Ignite: TrainsSaver doesn't respect Checkpoint's n_saved

Created on 20 May 2020 · 34Comments · Source: pytorch/ignite

🐛 Bug description

As the title says, it seems that TrainsSaver bypasses the Checkpoint n_saved parameter. That means that all models are saved and never updated / deleted.

Consider this simple example:

        task.phases['train'].add_event_handler(
            Events.EPOCH_COMPLETED(every=1),
            Checkpoint(to_save, TrainsSaver(output_uri=output_uri), 'epoch', n_saved=1,
                       global_step_transform=global_step_from_engine(task.phases['train'])))

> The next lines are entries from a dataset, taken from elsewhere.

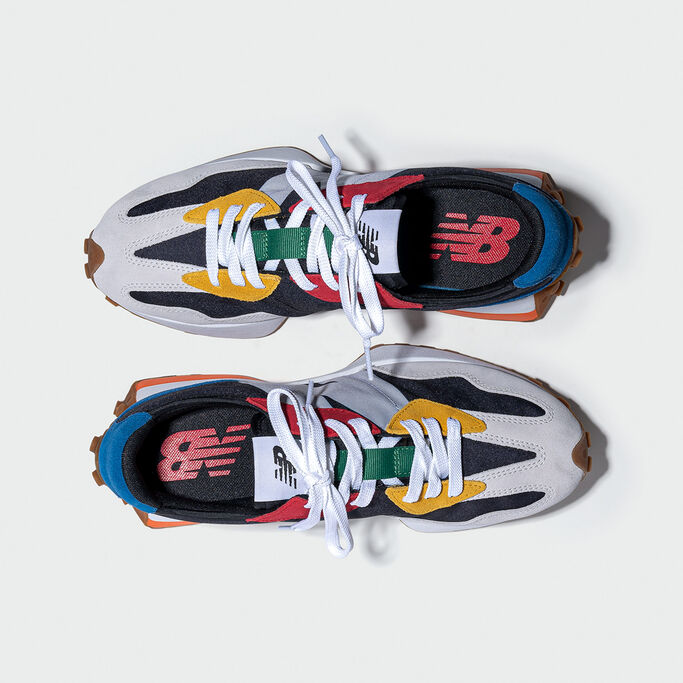Overhead view of a pair of multicolor men’s NB 327 sneakers on a light grey background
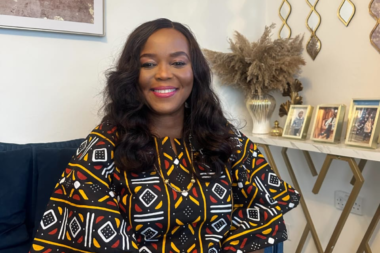 Nigerian female artist Chinyere Ibenye creating a colourful artwork.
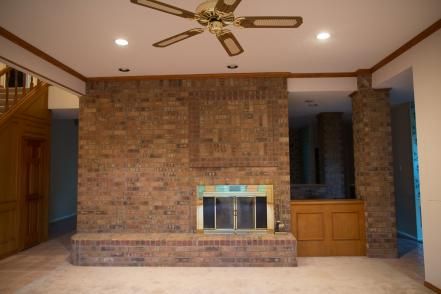 an empty living room with a fireplace and ceiling fan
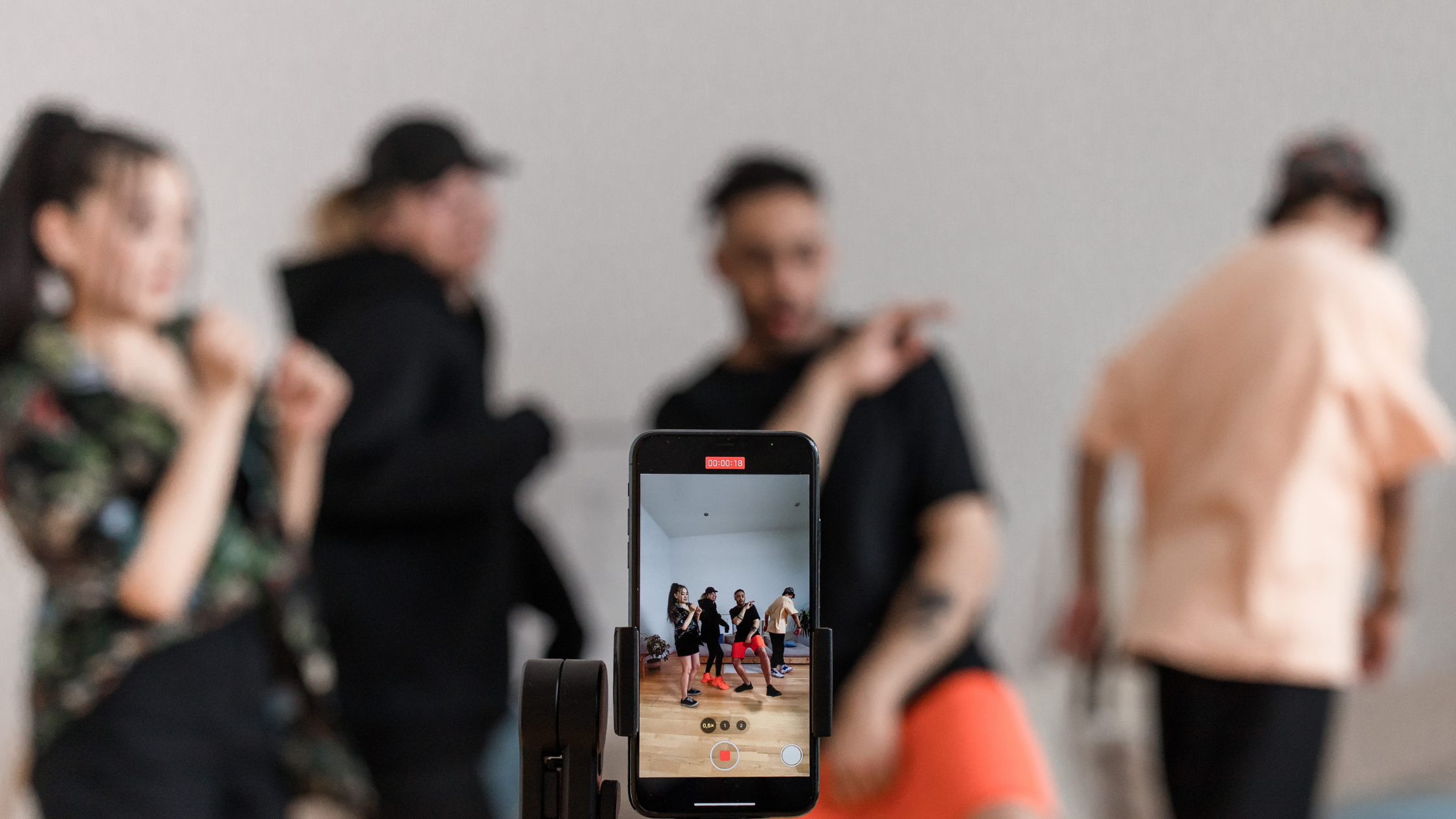 Smartphone on a tripod recording a group of four people dancing, representing UGC creators filming authentic social content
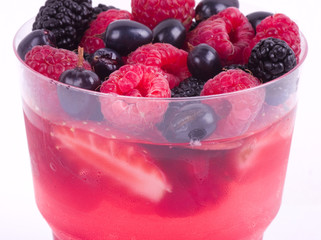 Tasty colorful jelly with mix berries on a white background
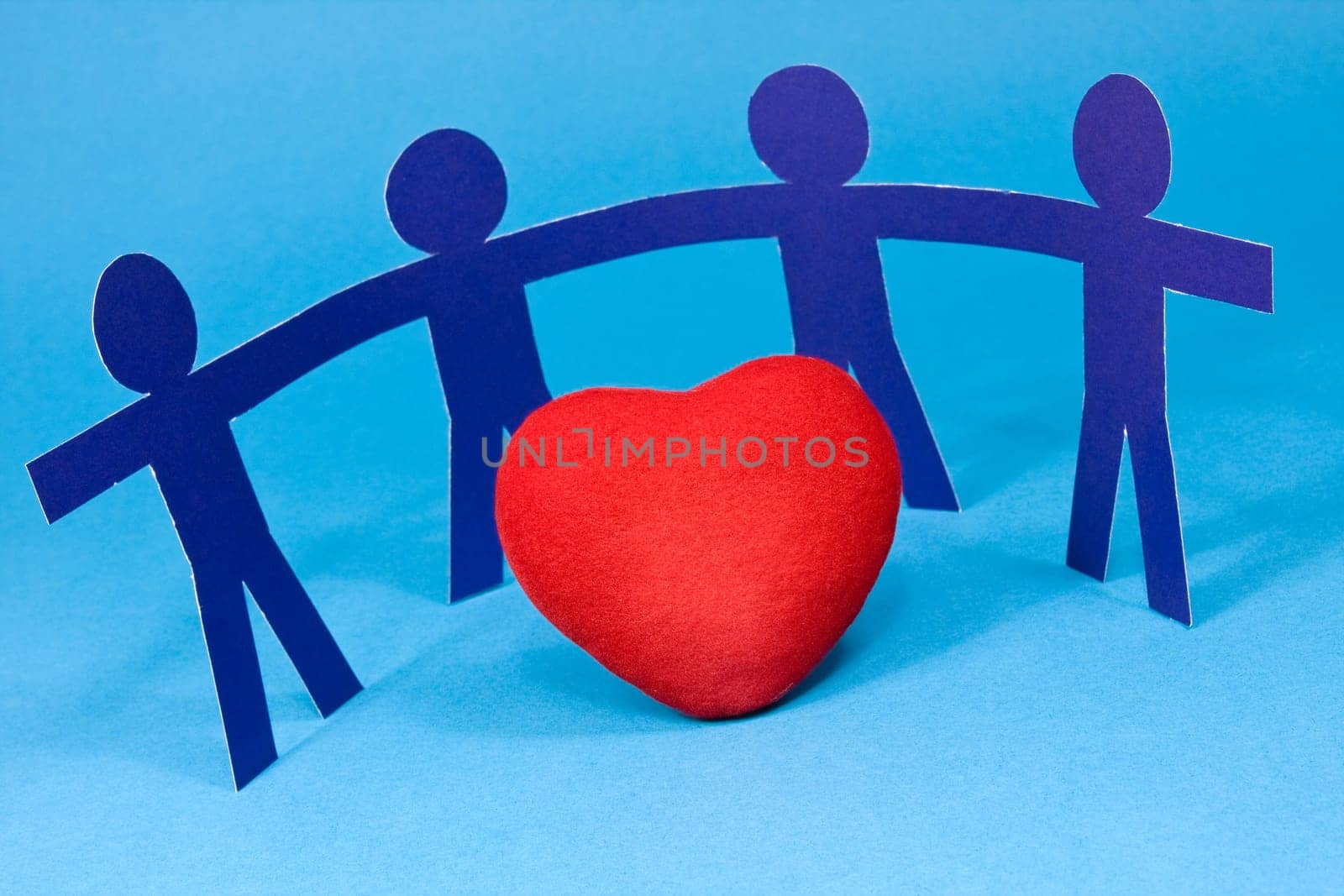 red heart and paper people on blue background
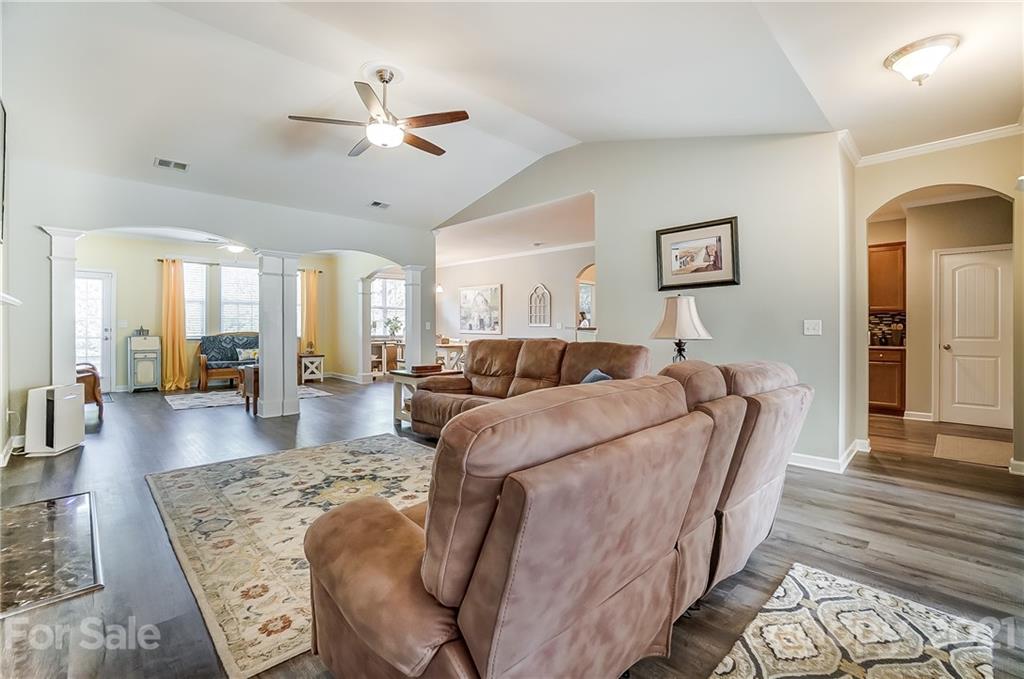 827 Solandra Way Fort Mill, SC 29708 - Photo 9 of 43 a living room with furniture and a chandelier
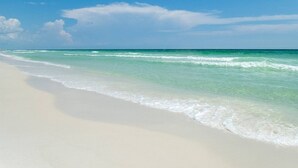 Une plage à l’eau turquoise et limpide, bordée de sable blanc, sous un ciel bleu.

The above saves every checkpoint. You end-up with

epoch_checkpoint_1.pt
epoch_checkpoint_2.pt
epoch_checkpoint_3.pt
...

Now if we do, the same with DiskSaver:

        task.phases['train'].add_event_handler(
            Events.EPOCH_COMPLETED(every=1),
            Checkpoint(to_save, DiskSaver(dirname=dirname), 'epoch', n_saved=1,
                       global_step_transform=global_step_from_engine(task.phases['train'])))

We get only:

epoch_checkpoint_3.pt

as expected.

Same behaviour if we save only best models using score_function, i.e. TrainsSaver saves every best model.

Environment

PyTorch Version: 1.3.1
Ignite Version: 0.4.0.dev20200519 (EDIT: update to latest nightly, issue still exists)
OS: Linux
How you installed Ignite: pip nightly
Python version: 3.6
Any other relevant information: trains version: 0.14.3

bug

Source

achigeor

Most helpful comment

Thanks @vfdev-5 ! kudos for the quick PR!
We will add it into TrainsServer (probably needs to add a bit of support in Trains as well)
I'll update here once the PR is ready

bmartinn on 23 May 2020

👍3

All 34 comments

Thanks for the report @achigeor ! Let us reproduce the issue and have deeper look on where is the problem.

cc @jkhenning

vfdev-5 on 20 May 2020

👍1

Checked the number of temporary saved checkpoints and only one remains in temp folder. Probably, the problem is that we need to explicitly remove them from Trains' storage: override
remove method
https://github.com/pytorch/ignite/blob/0452e4199ae0da627274f563a901493d9654b80d/ignite/handlers/checkpoint.py#L370-L372

@jkhenning do you have an API to remove stored artifact ?

vfdev-5 on 20 May 2020

Hi @achigeor ,

When you say you see:

epoch_checkpoint_1.pt
epoch_checkpoint_2.pt
epoch_checkpoint_3.pt
...

Do you mean you see them in the Trains UI models page, or somewhere else? As @vfdev-5 said, I believe these files will not be present in the dirname folder (or the temp folder used if dirname is not provided)

jkhenning on 20 May 2020

Hey @jkhenning,

I mean I see them in the directory I pass as output_uri. E.g. if you pass output_uri="checkpoints", you will see these checkpoints in checkpoints/trains_project_name/trains_task_name.task_id/models/:

|   +-- <project-name>
|       +-- <task-name>.<task-Id>
|           +-- models
|               +-- <epoch_checkpoint_1.pt>
|               +-- <epoch_checkpoint_2.pt>
|               +-- <epoch_checkpoint_3.pt>

In the Trains UI, you would only see the _last_ model model saved in artifacts/Output Model, i.e task_name-epoch_checkpoint_3.pt.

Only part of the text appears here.